== Information provided ==

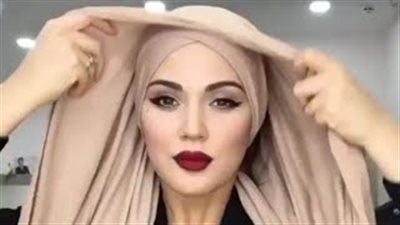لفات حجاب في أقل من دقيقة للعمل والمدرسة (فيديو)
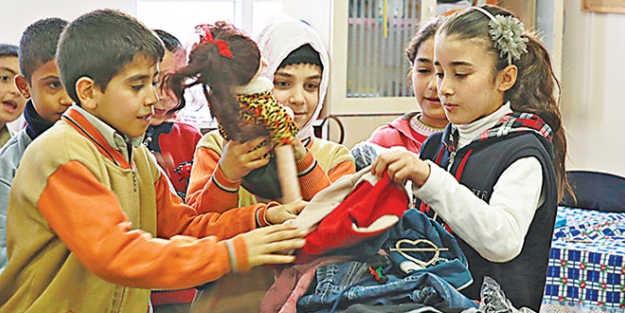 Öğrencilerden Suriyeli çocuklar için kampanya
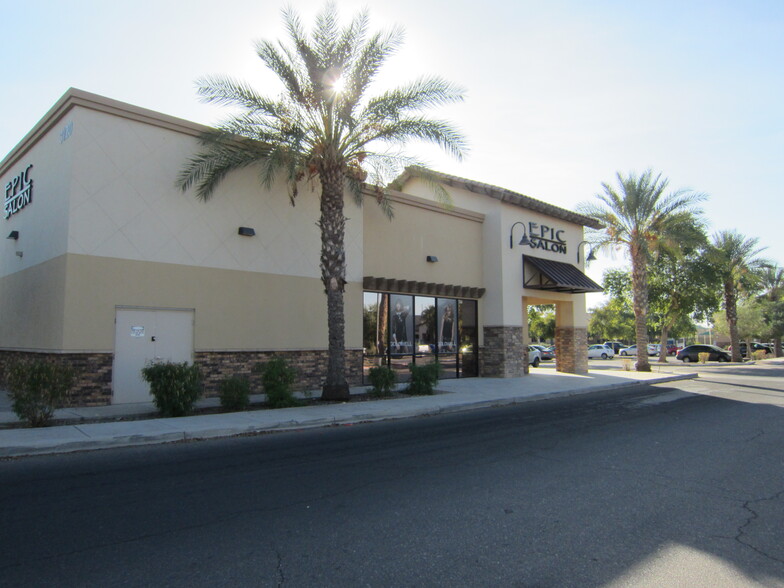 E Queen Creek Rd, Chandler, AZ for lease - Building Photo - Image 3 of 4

===

Please output the lines from the line that holds "Öğrencilerden Suriyeli çocuklar" through the final line of the material above, both included. Each line must match exactly, and pictures must be excluded.

 Öğrencilerden Suriyeli çocuklar için kampanya
 E Queen Creek Rd, Chandler, AZ for lease - Building Photo - Image 3 of 4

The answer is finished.